Delivering perception along with reality

"If a tree falls in the forest and no one is around to hear it, does it make a sound?”

I can’t answer that question. This is marketing, not philosophy. But I can tell you this: a lumberjack is not going to get their fair share of the budget. Lowering your costs and improving your impact are important; so is making sure that your organization knows the benefits your program is driving.

Let people know

Have good reporting on the metrics that matter to your key stakeholders so you can drive, know, and show the impact of your marketing. Learn 20 key metrics to track the performance of your loyalty program.  

When talking about financials, be able to speak finance’s language

Communicating is good but not effective if you’re not speaking the same language.  
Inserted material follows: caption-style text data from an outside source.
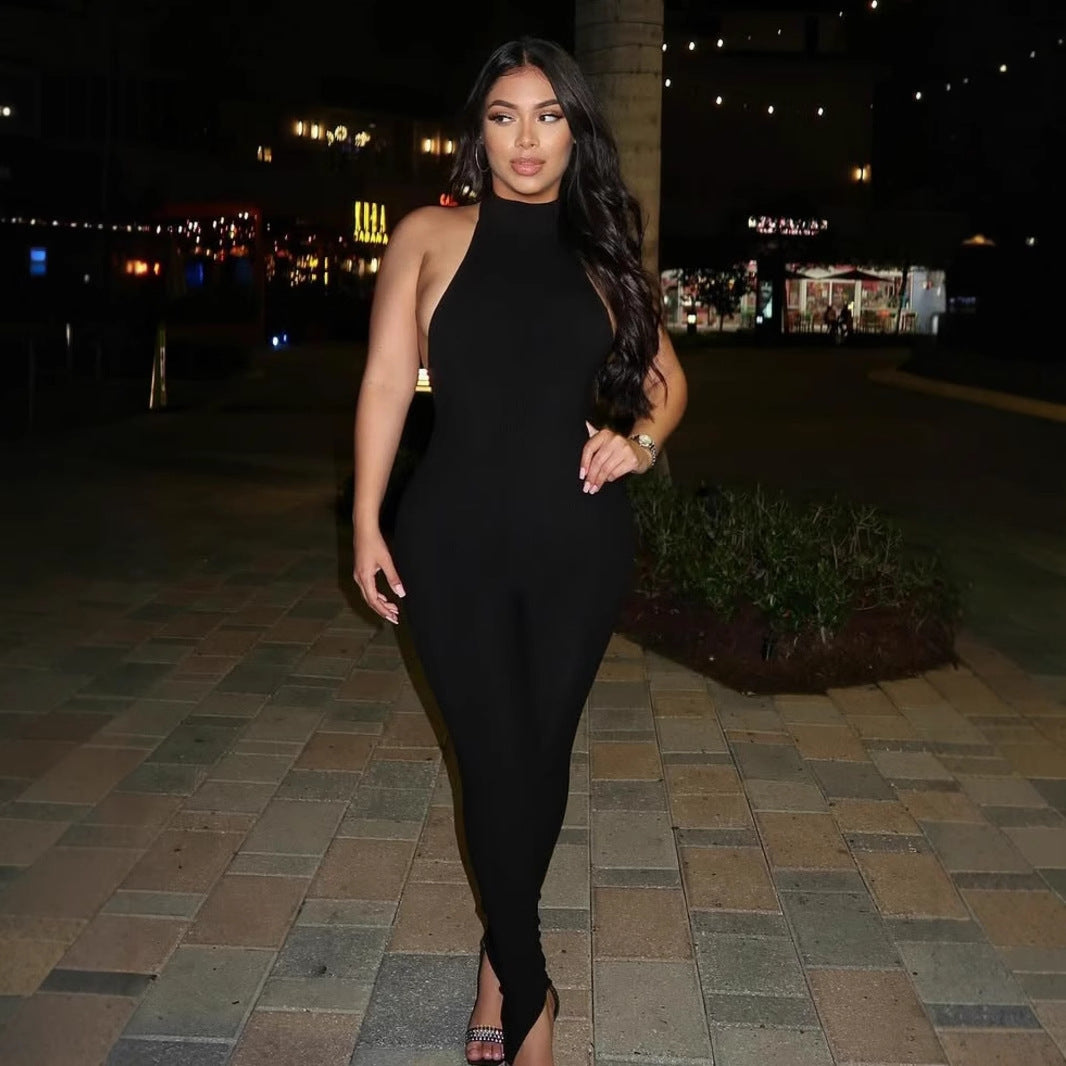 Damen figurbetonter Jumpsuit mit hohem Kragen und Rippstruktur R&B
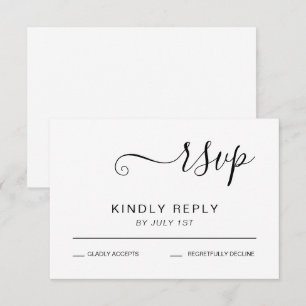 Cartão RSVP Casamento branco e preto elegante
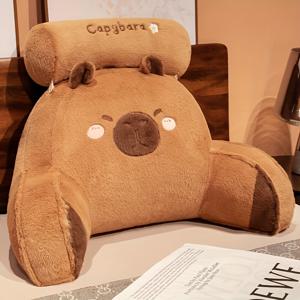 TEMU 1개 카피바라 플러시 베개 - 부드러운 갈색 곰 디자인 지퍼 포함, 세탁기 사용 가능한 폴리에스터 커버, 침대, 의자 또는 소파 등받이용 다목적 - 집과 여행에 완벽|베개커버|허리보호대|쇼파침대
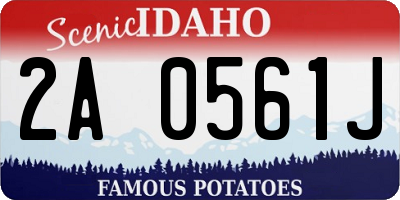ID license plate 2A0561J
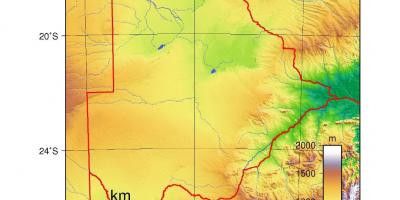 Karte Botsvāna fizisko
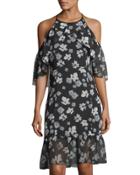 Floral-print Halter-neck A-line Dress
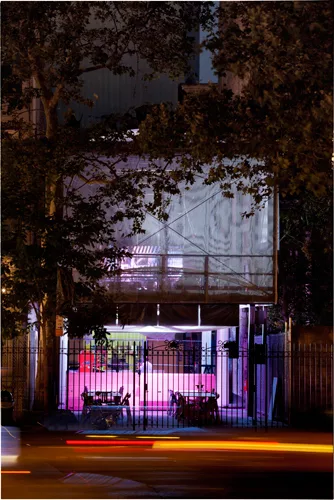 Exterior view from Houston Street at night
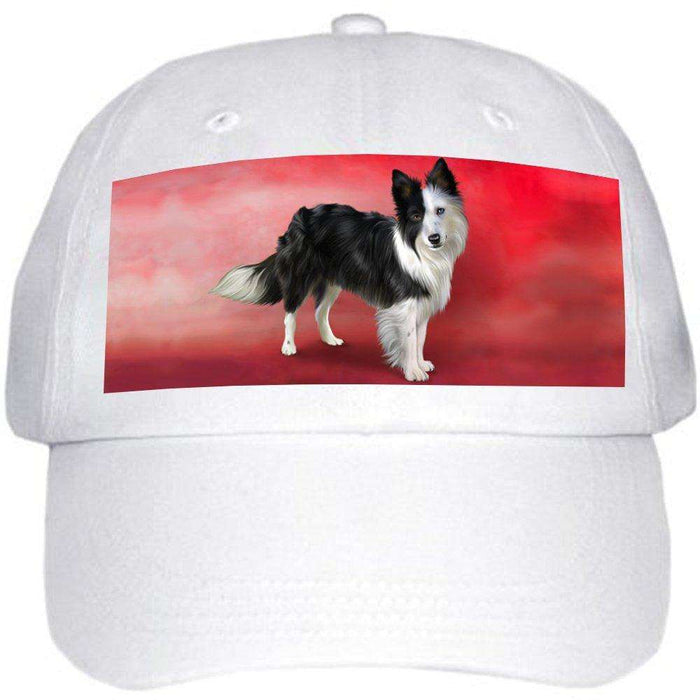 Border Collie Dog Ball Hat Cap Off White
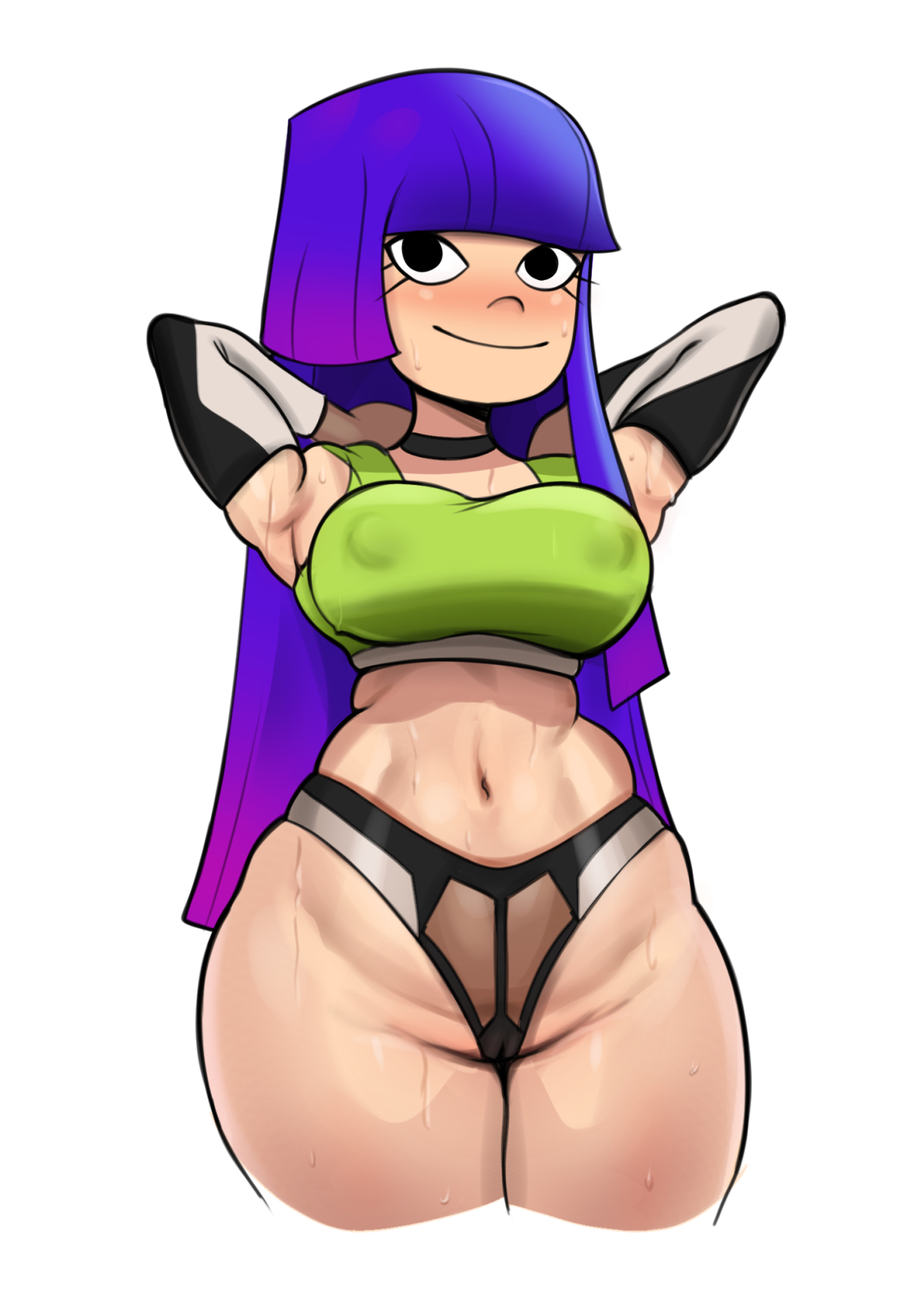 1girls, armpits, arms behind head, big breasts, breasts, busty, cameltoe, child bearing hips, female, female only, glitch techs, hourglass figure, large breasts, long hair, looking at viewer, miko kubota, navel, netflix, nickelodeon, pose, posing, purple hair, pussy, smile, sports bra, sweat, sweaty, sweaty armpits, tagme, thong, wide hips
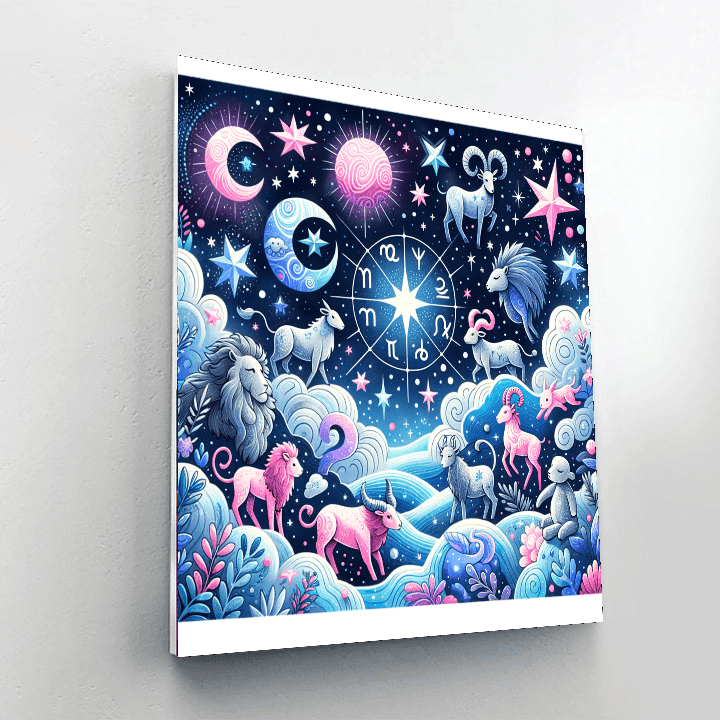 Cosmic Animal Zodiac DIY Paint By Numbers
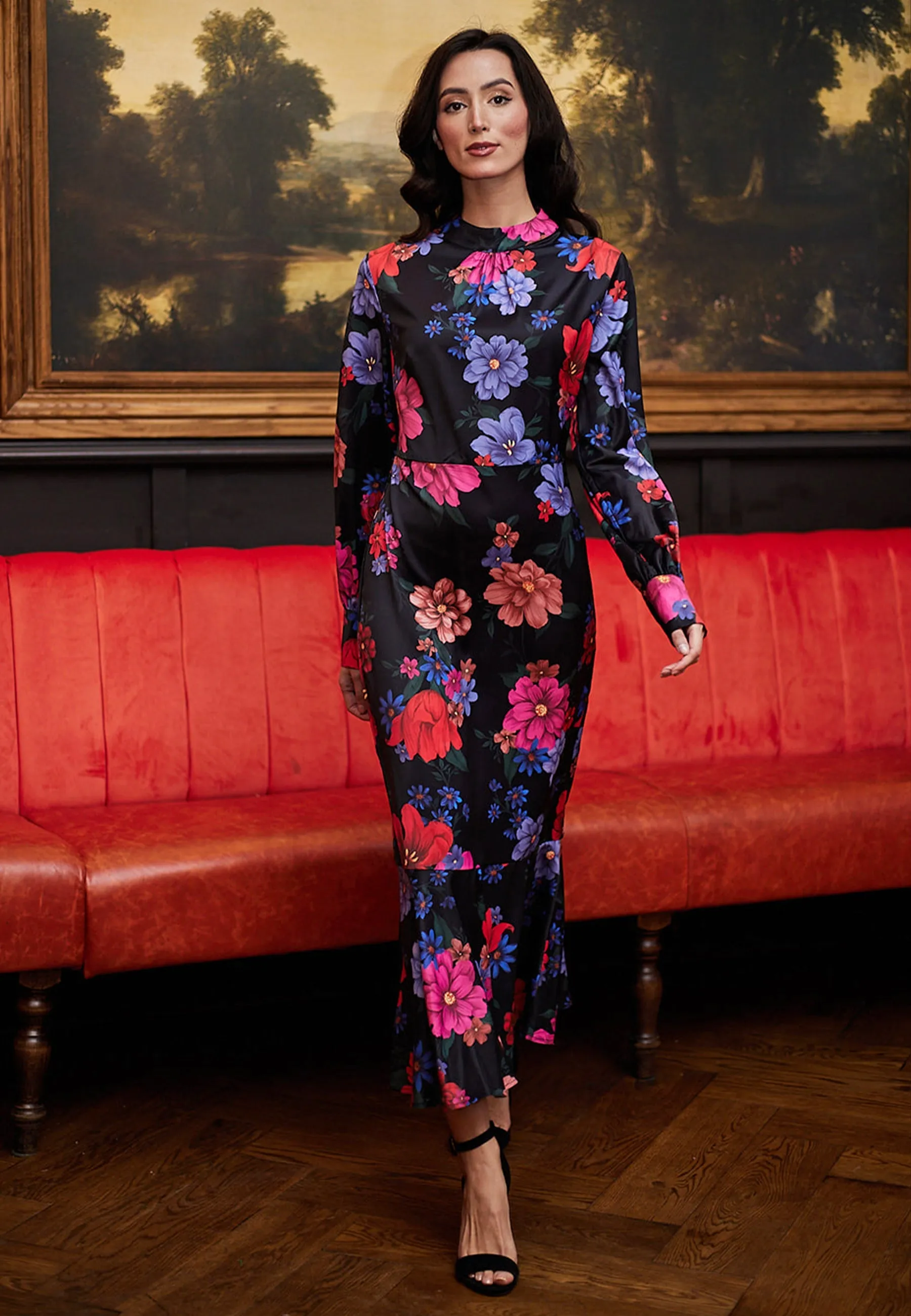 Midi Floral Black Dress by Angeleye sold by Goddiva product image thumbnail 4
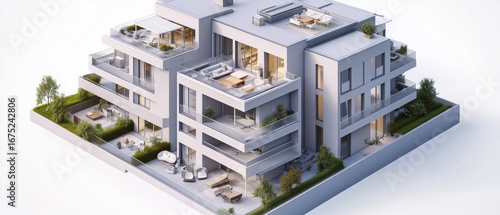 Isometric architectural model of a large modern apartment block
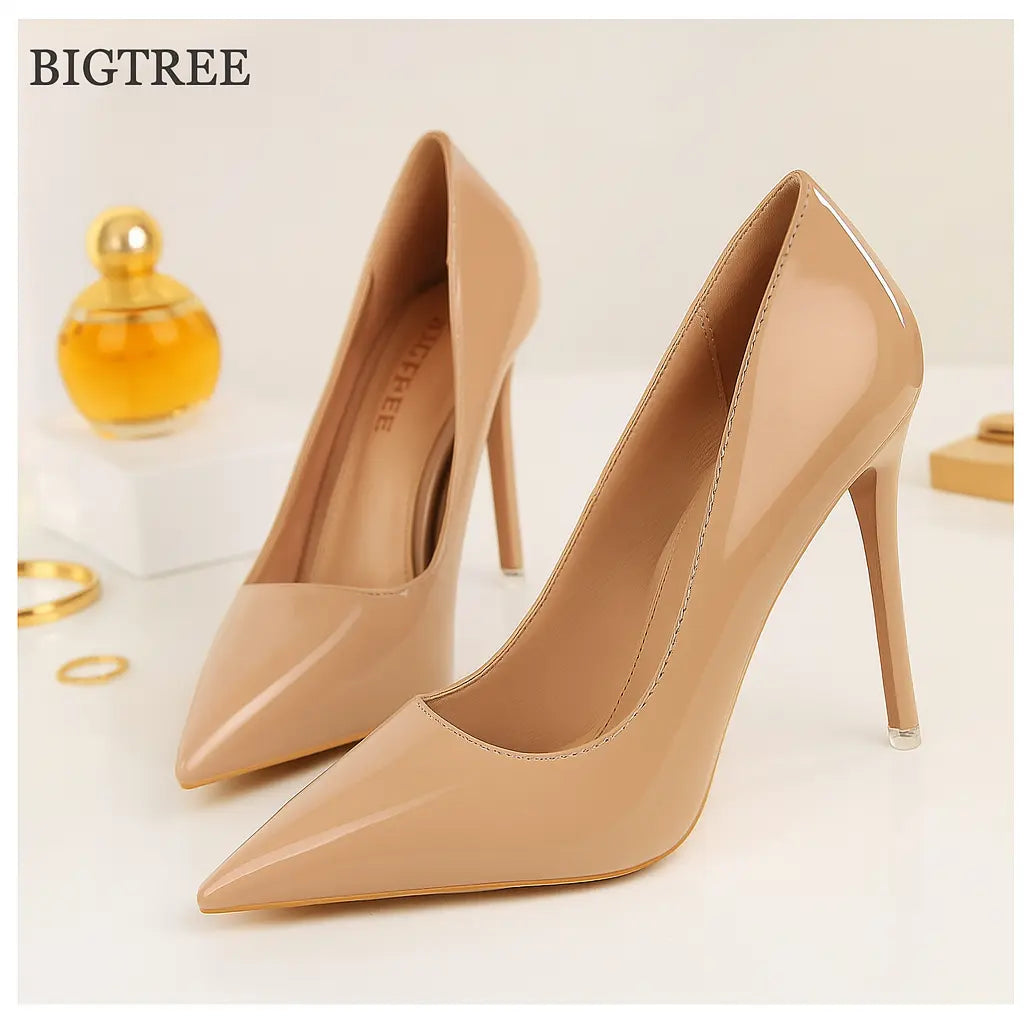 Autumn Patent Leather Concise Women&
  • If you’re managing a loyalty program, watch your balance sheet as well as your P&L.  
  • Your relationship with finance is important, and they track the future costs of your points as well as what’s being booked today.  
  • Understand what your changes will mean for these future costs.  
  • Share the good news with finance; show them the benefits your spend is driving.  
  • Ask them to educate you if your costs and revenues don’t wind up on the same P&L, so that you can understand how finance looks at your business.
  • Once you’re speaking the same language, communicate with them. Yes, finance hates costs. But they hate surprises even more.

Build from what people are ready to hear  

If you’re evaluating your marketing on metrics that don’t align with your organization’s priorities, it’s harder to get buy-in and budget for what you want to deliver.  

  • Alignment matters. Efficient programs can struggle if the opportunities, market, or customer they were built for are no longer the right target. Learn more about when it’s the right time to reinvent your loyalty program.
  • Delivery needs alignment too. If your marketing makes promises that operations struggle to deliver, you’ll underperform. Fighting this with richer offers can make your customers discount-dependent with no natural reason to return.

Happy swimming

At the risk of drowning the metaphor, there’s an ebb and flow between brands focusing on driving growth and managing costs. Understanding the value your marketing delivers and what it costs to make that happen, let you see where you are in the water. Knowing how to be efficient – getting the most benefit for each dollar of cost – lets you swim in the right direction. The right tech can give you flippers. And being aligned with your internal partners and their goals will help you keep your head above water - even as others are losing their shorts. Happy swimming.